• [ABOUT THIS TASK] Under this line sits a listing. Repeat exactly and only its lines from the one holding "Plant Stem Visual" through the one holding "Milla - Gute-Laune-Hund wartet auf Sie"; skip pictures.

• [DATA FOR PROCESSING]
______
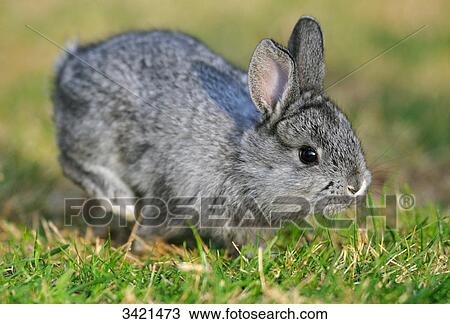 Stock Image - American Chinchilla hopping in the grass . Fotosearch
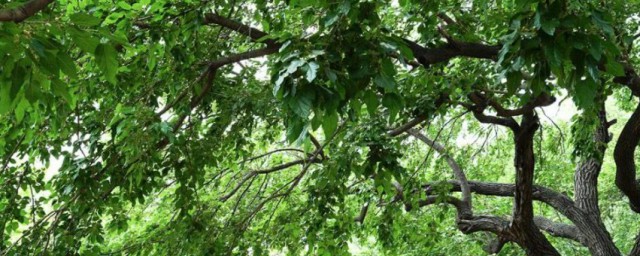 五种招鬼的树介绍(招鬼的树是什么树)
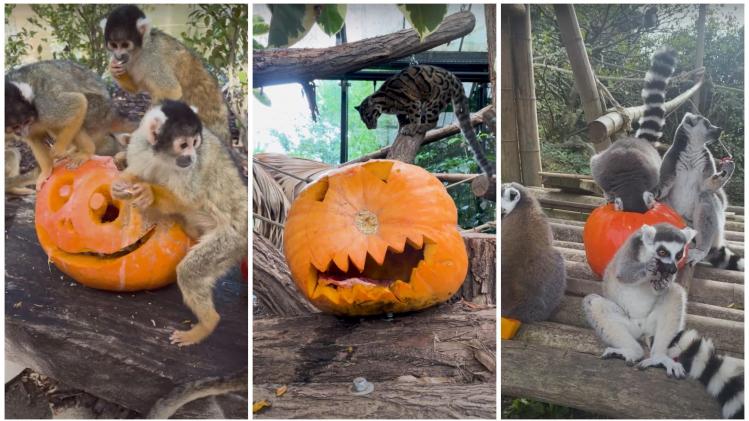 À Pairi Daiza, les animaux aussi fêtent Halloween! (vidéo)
______
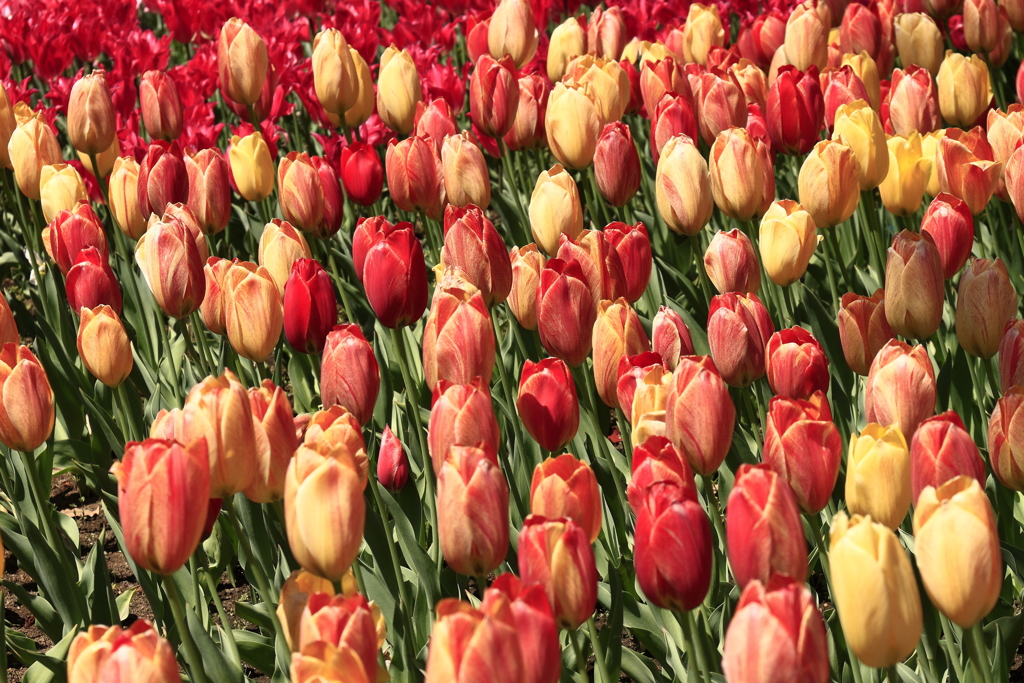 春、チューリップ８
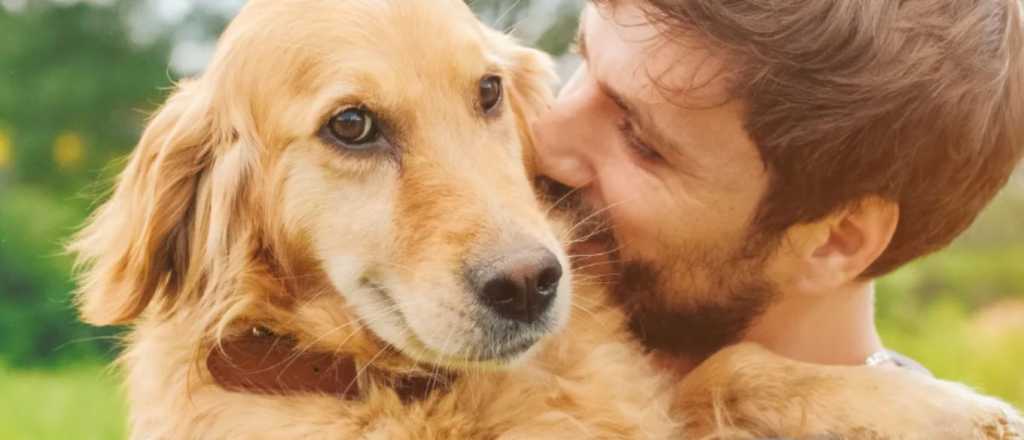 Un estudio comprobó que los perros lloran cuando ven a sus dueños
______
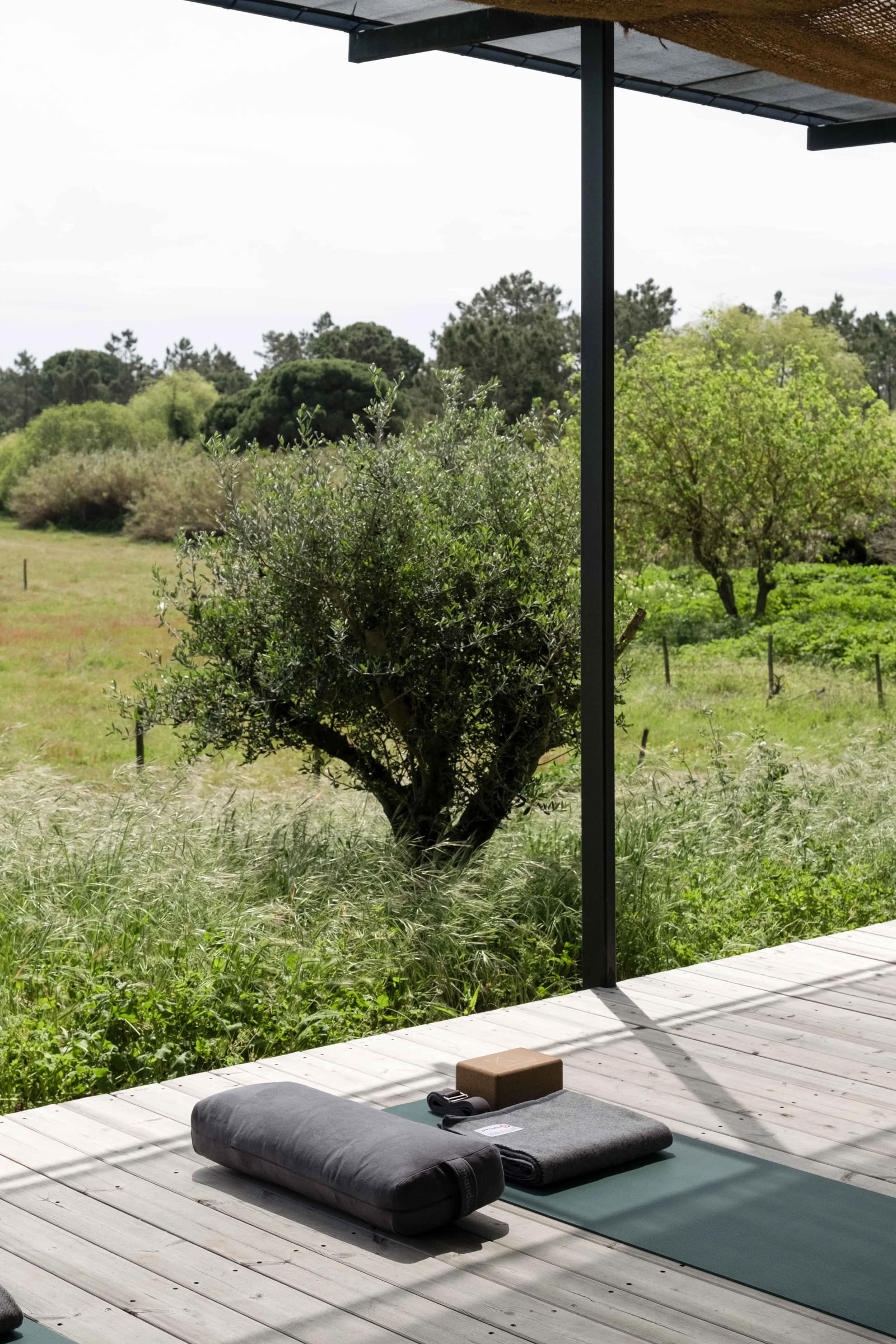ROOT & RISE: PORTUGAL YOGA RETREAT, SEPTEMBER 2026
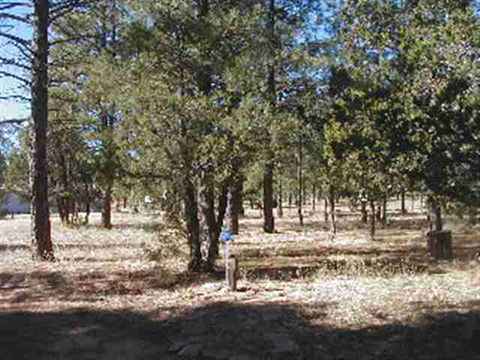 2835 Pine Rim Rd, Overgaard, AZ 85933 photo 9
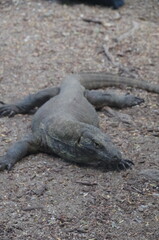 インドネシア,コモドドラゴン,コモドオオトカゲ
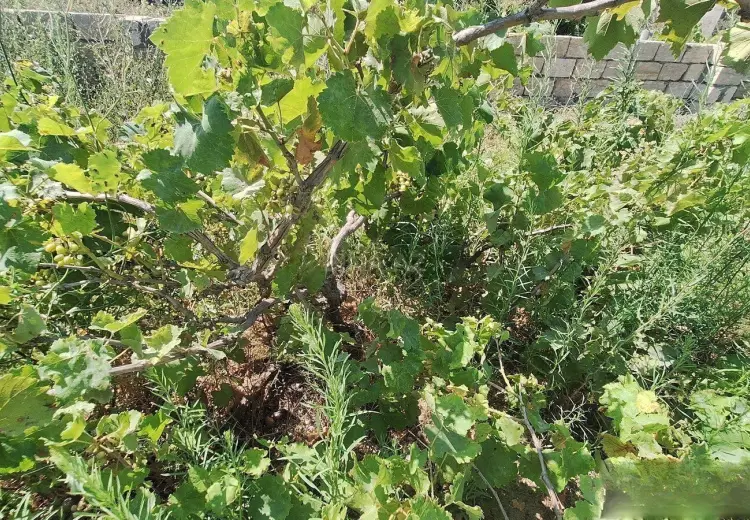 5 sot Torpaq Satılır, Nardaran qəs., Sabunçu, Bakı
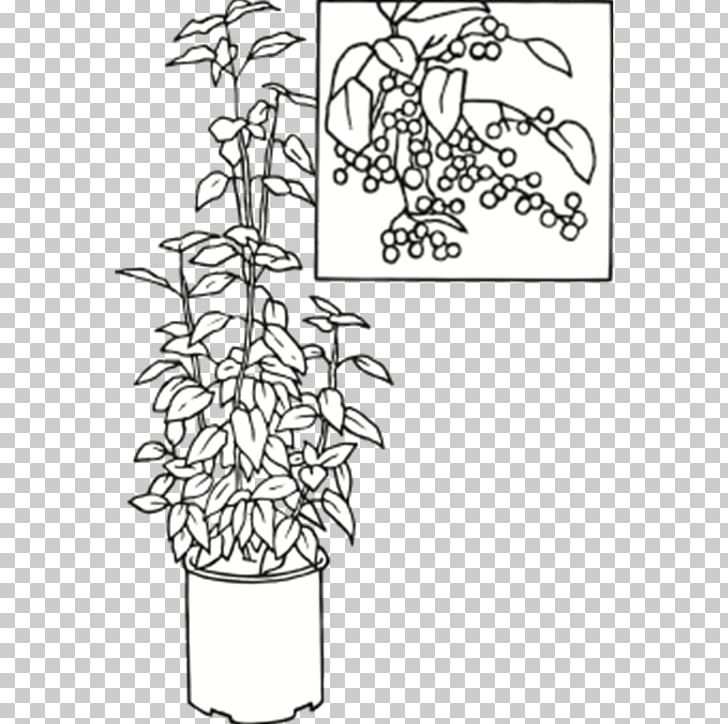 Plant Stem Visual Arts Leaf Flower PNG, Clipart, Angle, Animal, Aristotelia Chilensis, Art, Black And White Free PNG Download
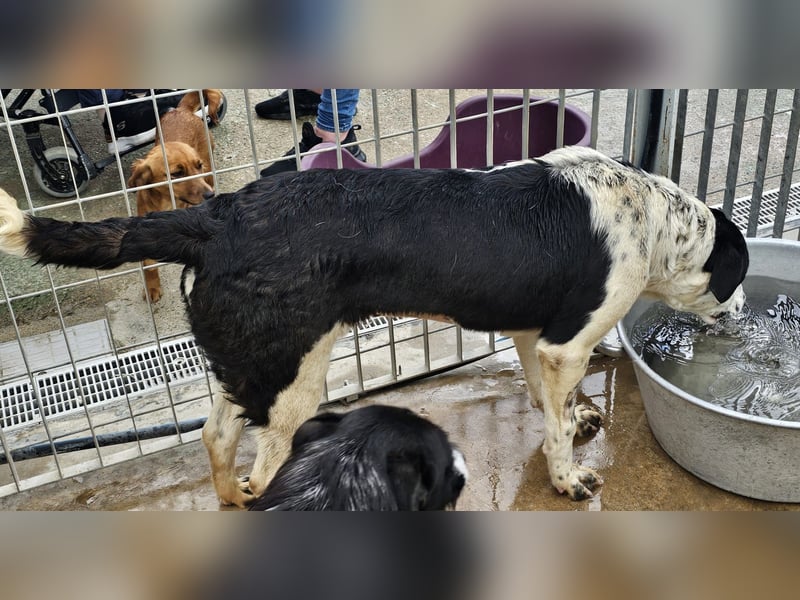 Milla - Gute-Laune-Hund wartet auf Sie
______
• [TASK OUTPUT]
 Plant Stem Visual Arts Leaf Flower PNG, Clipart, Angle, Animal, Aristotelia Chilensis, Art, Black And White Free PNG Download
 Milla - Gute-Laune-Hund wartet auf Sie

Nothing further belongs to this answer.